My wife and I hit the beach around 8:00 am to do some fishing with some friends who joined us shortly after we got set up. We noticed right away that there was no wind and the water was super clear. We usually like it to be windy and a little rough when we fish. Lines were baited up and ready for some action. We waited and waited but no action to be found. Well, finally after a little while the winds picked up and the water got a little rough and bam we started getting some bites. We landed blue runners - probably about 5 or 6. Those fish can hit your line hard! You think you got something big and reel it in to a 6" fish lol. Next fish on was a Pompano and that's what we came for. I know I have said this in the past but the later the day grew, the water got prettier and prettier. The winds picked up even more and more Pompanos were landed. All in all it was great to be on the beach with my wife and some friends enjoying what we love to do. Final count we caught 6 Pompano, 15 Blue Runners, 2 Remoras, 1 Ladyfish and 0 Catfish. Thanks JC and Happy Father's Day.


----------



## cobe killer (Apr 13, 2008)

sweet!!! nice pomps!


----------



## GROUPERKING (Sep 28, 2011)

Way to go !


----------



## Fishermon (Oct 19, 2007)

zero cat fish?..come on man.!!!!


----------



## ifish911 (May 21, 2014)

Nice report! I am super jealous. I have never caught one of these and fished several days 3 weeks ago out of PCola Beach area. I will be back soon to try my luck again.

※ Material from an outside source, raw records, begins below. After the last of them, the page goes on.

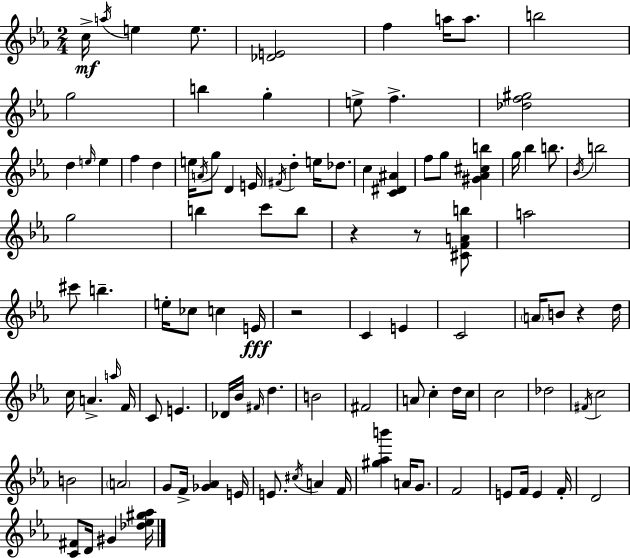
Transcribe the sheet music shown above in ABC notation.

X:1
T:Untitled
M:2/4
L:1/4
K:Eb
c/4 a/4 e e/2 [_DE]2 f a/4 a/2 b2 g2 b g e/2 f [_df^g]2 d e/4 e f d e/4 A/4 g/2 D E/4 ^F/4 d e/4 _d/2 c [C^D^A] f/2 g/2 [^G_A^cb] g/4 _b b/2 _B/4 b2 g2 b c'/2 b/2 z z/2 [^CFAb]/2 a2 ^c'/2 b e/4 _c/2 c E/4 z2 C E C2 A/4 B/2 z d/4 c/4 A a/4 F/4 C/2 E _D/4 _B/4 ^F/4 d B2 ^F2 A/2 c d/4 c/4 c2 _d2 ^F/4 c2 B2 A2 G/2 F/4 [_G_A] E/4 E/2 ^c/4 A F/4 [^g_ab'] A/4 G/2 F2 E/2 F/4 E F/4 D2 [C^F]/2 D/4 ^G [_d_e^g_a]/4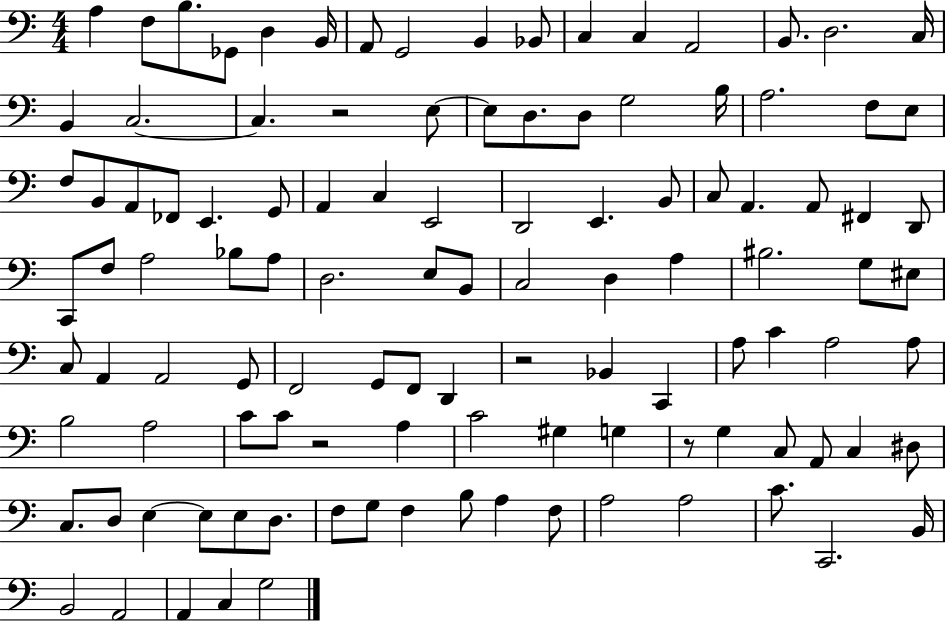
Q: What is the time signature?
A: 4/4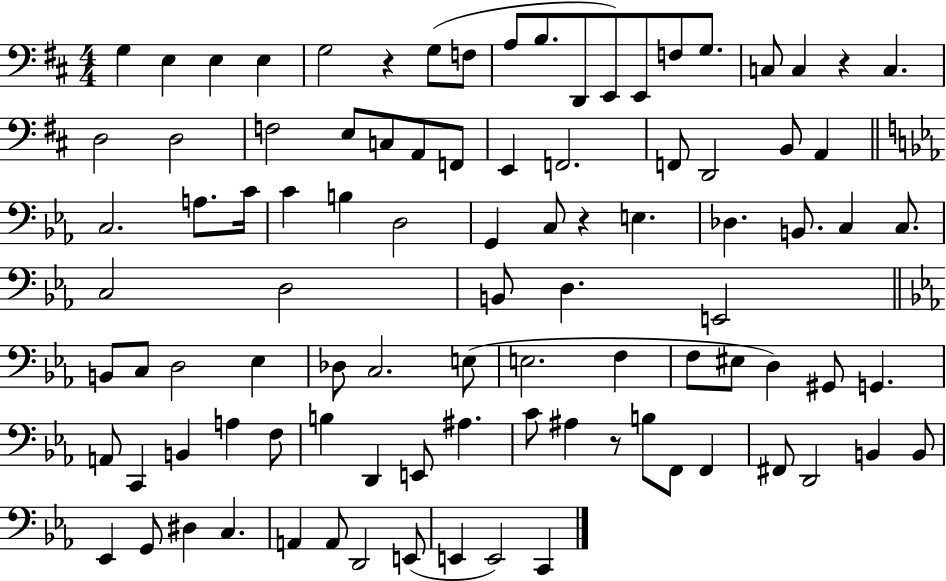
{
  \clef bass
  \numericTimeSignature
  \time 4/4
  \key d \major
  g4 e4 e4 e4 | g2 r4 g8( f8 | a8 b8. d,8 e,8) e,8 f8 g8. | c8 c4 r4 c4. | \break d2 d2 | f2 e8 c8 a,8 f,8 | e,4 f,2. | f,8 d,2 b,8 a,4 | \break \bar "||" \break \key ees \major c2. a8. c'16 | c'4 b4 d2 | g,4 c8 r4 e4. | des4. b,8. c4 c8. | \break c2 d2 | b,8 d4. e,2 | \bar "||" \break \key ees \major b,8 c8 d2 ees4 | des8 c2. e8( | e2. f4 | f8 eis8 d4) gis,8 g,4. | \break a,8 c,4 b,4 a4 f8 | b4 d,4 e,8 ais4. | c'8 ais4 r8 b8 f,8 f,4 | fis,8 d,2 b,4 b,8 | \break ees,4 g,8 dis4 c4. | a,4 a,8 d,2 e,8( | e,4 e,2) c,4 | \bar "|."
}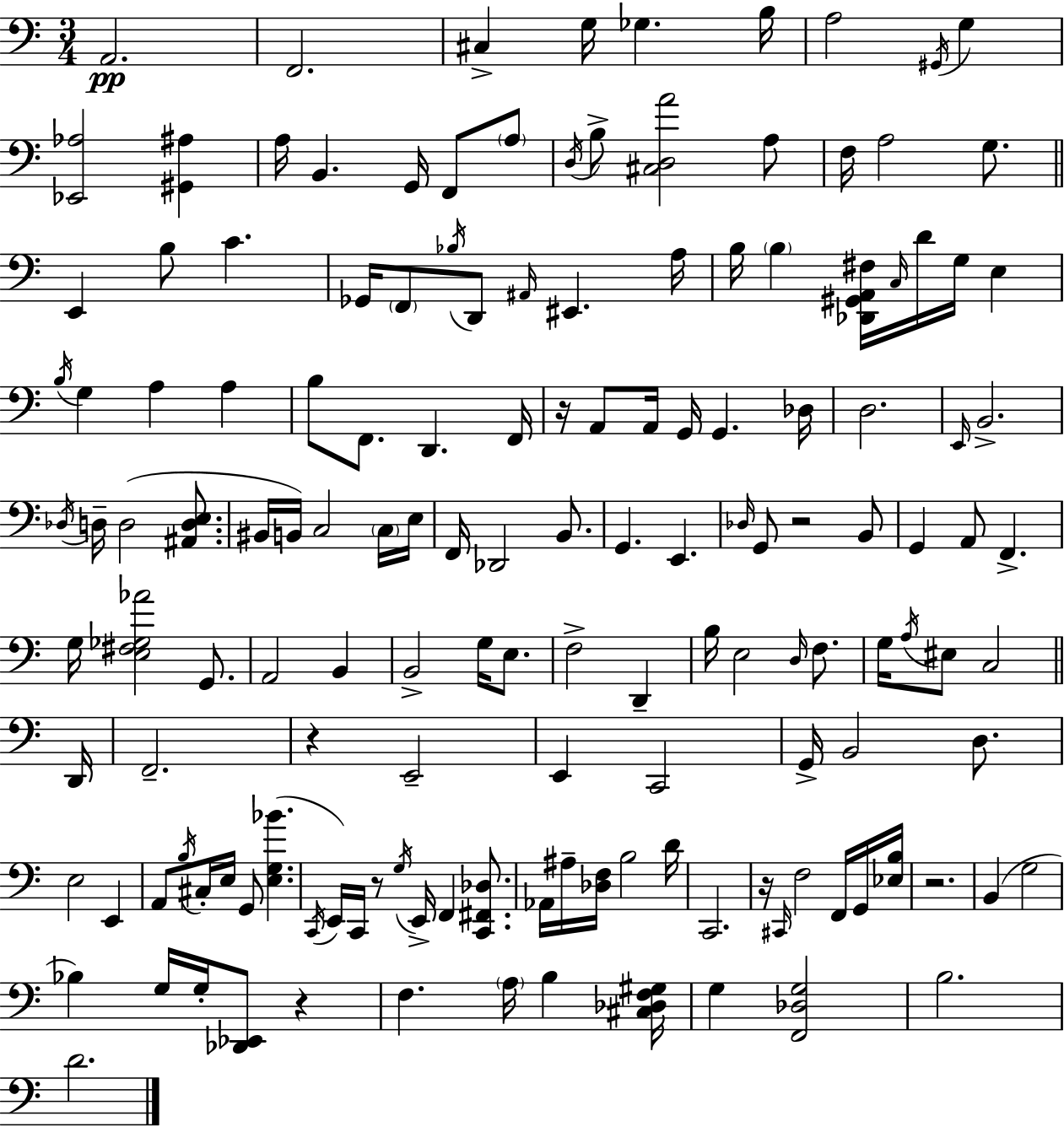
A2/h. F2/h. C#3/q G3/s Gb3/q. B3/s A3/h G#2/s G3/q [Eb2,Ab3]/h [G#2,A#3]/q A3/s B2/q. G2/s F2/e A3/e D3/s B3/e [C#3,D3,A4]/h A3/e F3/s A3/h G3/e. E2/q B3/e C4/q. Gb2/s F2/e Bb3/s D2/e A#2/s EIS2/q. A3/s B3/s B3/q [Db2,G#2,A2,F#3]/s C3/s D4/s G3/s E3/q B3/s G3/q A3/q A3/q B3/e F2/e. D2/q. F2/s R/s A2/e A2/s G2/s G2/q. Db3/s D3/h. E2/s B2/h. Db3/s D3/s D3/h [A#2,D3,E3]/e. BIS2/s B2/s C3/h C3/s E3/s F2/s Db2/h B2/e. G2/q. E2/q. Db3/s G2/e R/h B2/e G2/q A2/e F2/q. G3/s [E3,F#3,Gb3,Ab4]/h G2/e. A2/h B2/q B2/h G3/s E3/e. F3/h D2/q B3/s E3/h D3/s F3/e. G3/s A3/s EIS3/e C3/h D2/s F2/h. R/q E2/h E2/q C2/h G2/s B2/h D3/e. E3/h E2/q A2/e B3/s C#3/s E3/s G2/e [E3,G3,Bb4]/q. C2/s E2/s C2/s R/e G3/s E2/s F2/q [C2,F#2,Db3]/e. Ab2/s A#3/s [Db3,F3]/s B3/h D4/s C2/h. R/s C#2/s F3/h F2/s G2/s [Eb3,B3]/s R/h. B2/q G3/h Bb3/q G3/s G3/s [Db2,Eb2]/e R/q F3/q. A3/s B3/q [C#3,Db3,F3,G#3]/s G3/q [F2,Db3,G3]/h B3/h. D4/h.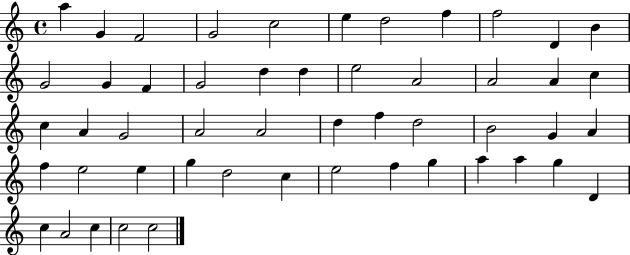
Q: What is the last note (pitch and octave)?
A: C5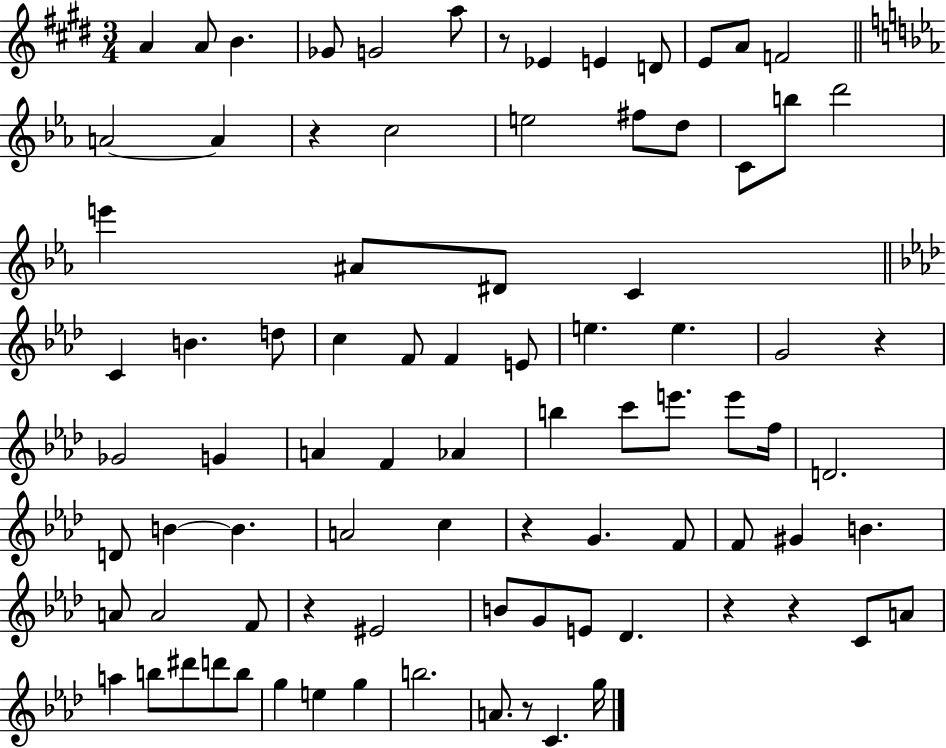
A4/q A4/e B4/q. Gb4/e G4/h A5/e R/e Eb4/q E4/q D4/e E4/e A4/e F4/h A4/h A4/q R/q C5/h E5/h F#5/e D5/e C4/e B5/e D6/h E6/q A#4/e D#4/e C4/q C4/q B4/q. D5/e C5/q F4/e F4/q E4/e E5/q. E5/q. G4/h R/q Gb4/h G4/q A4/q F4/q Ab4/q B5/q C6/e E6/e. E6/e F5/s D4/h. D4/e B4/q B4/q. A4/h C5/q R/q G4/q. F4/e F4/e G#4/q B4/q. A4/e A4/h F4/e R/q EIS4/h B4/e G4/e E4/e Db4/q. R/q R/q C4/e A4/e A5/q B5/e D#6/e D6/e B5/e G5/q E5/q G5/q B5/h. A4/e. R/e C4/q. G5/s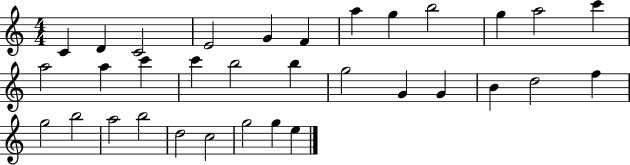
X:1
T:Untitled
M:4/4
L:1/4
K:C
C D C2 E2 G F a g b2 g a2 c' a2 a c' c' b2 b g2 G G B d2 f g2 b2 a2 b2 d2 c2 g2 g e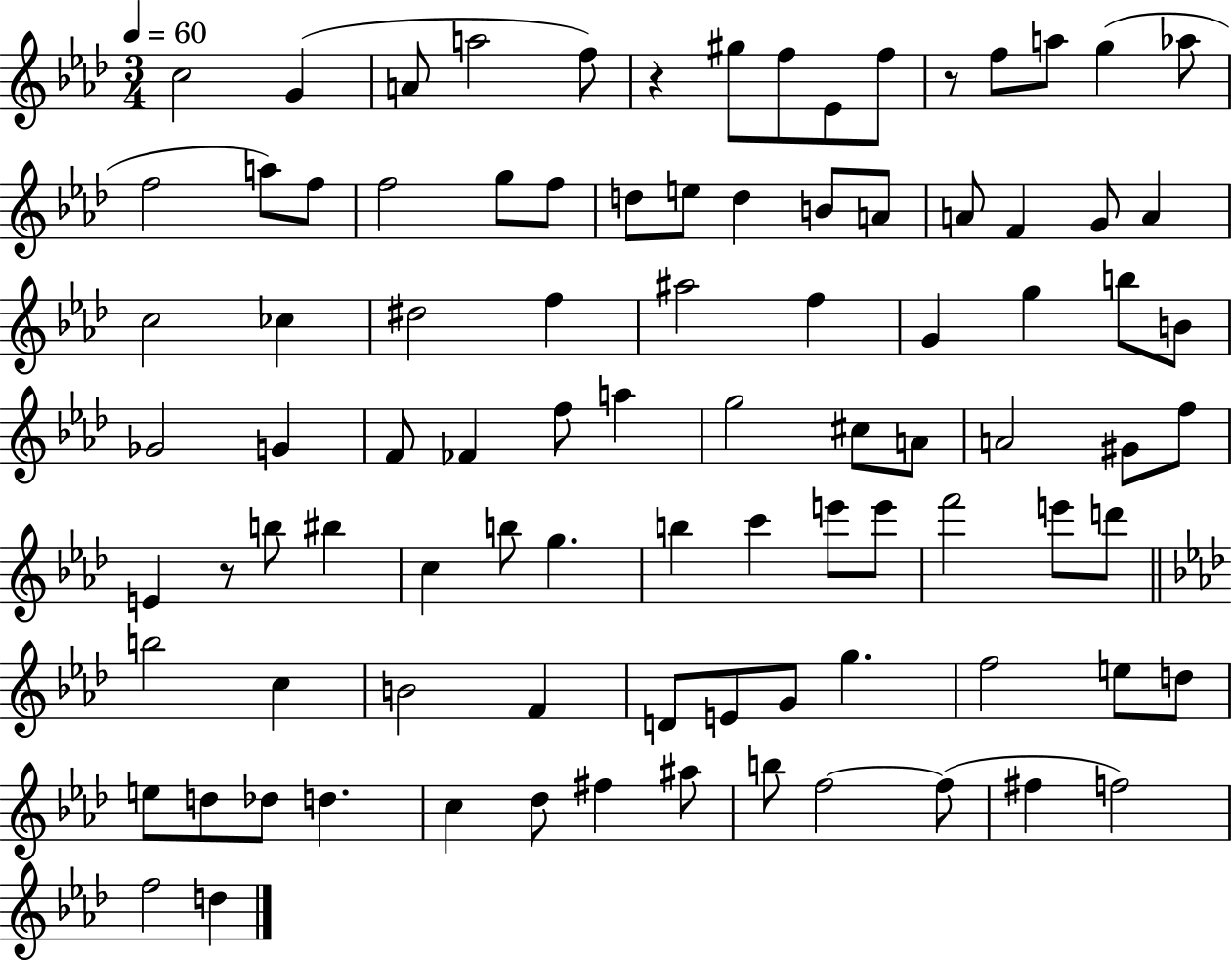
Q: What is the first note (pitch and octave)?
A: C5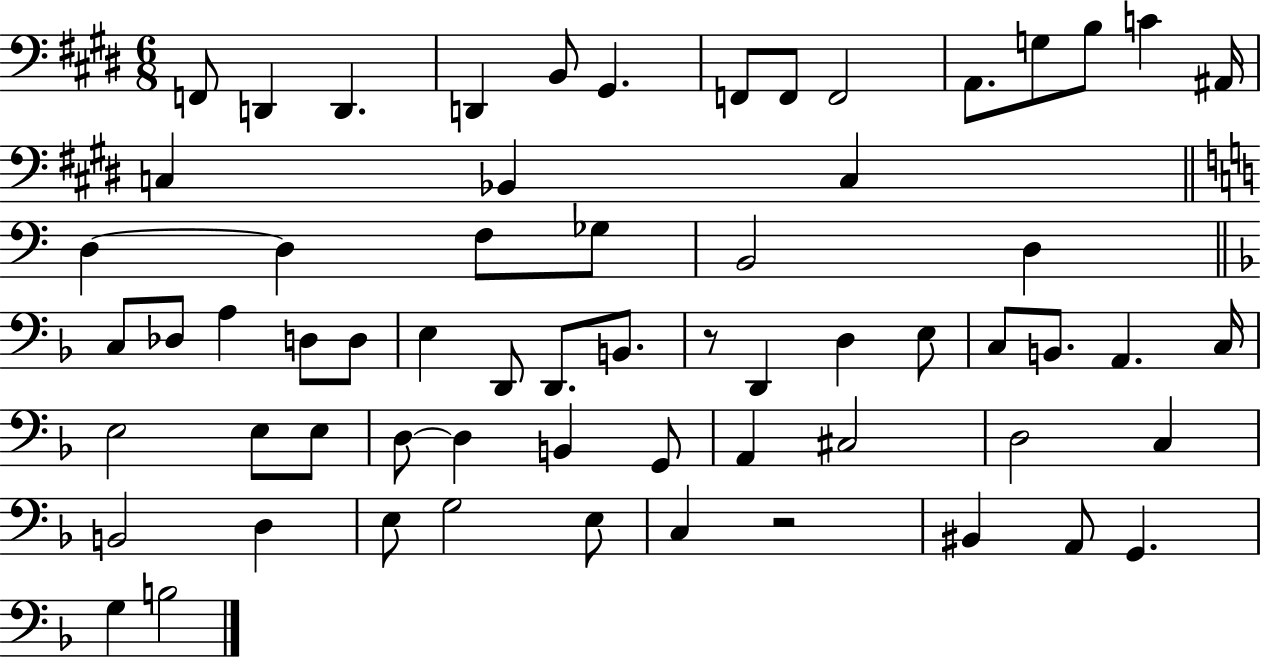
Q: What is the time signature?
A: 6/8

It is fun trying and being on the beach is a great pleasure.


----------



## Mike Moore (Feb 10, 2010)

Great day !


----------



## Redchaser09 (May 12, 2014)

Nice!! Congrats on the pomps!


----------



## Cracker (May 15, 2012)

Man you got em figured out....:thumbsup:


----------



## likecatchin (Jul 7, 2011)

Looks like the grass is gone, which general area were you in?


----------



## pompano67 (Oct 28, 2013)

Keep it up man !!!! Awesome job!!


----------



## sharkwrangler (Sep 29, 2013)

I bet they ate good!!!


----------



## fishin for pompanos (May 10, 2012)

likecatchin said:


> Looks like the grass is gone, which general area were you in?


The Perdido area.


----------



## Gulflady (Jun 19, 2010)

Great pics and report, congrats


----------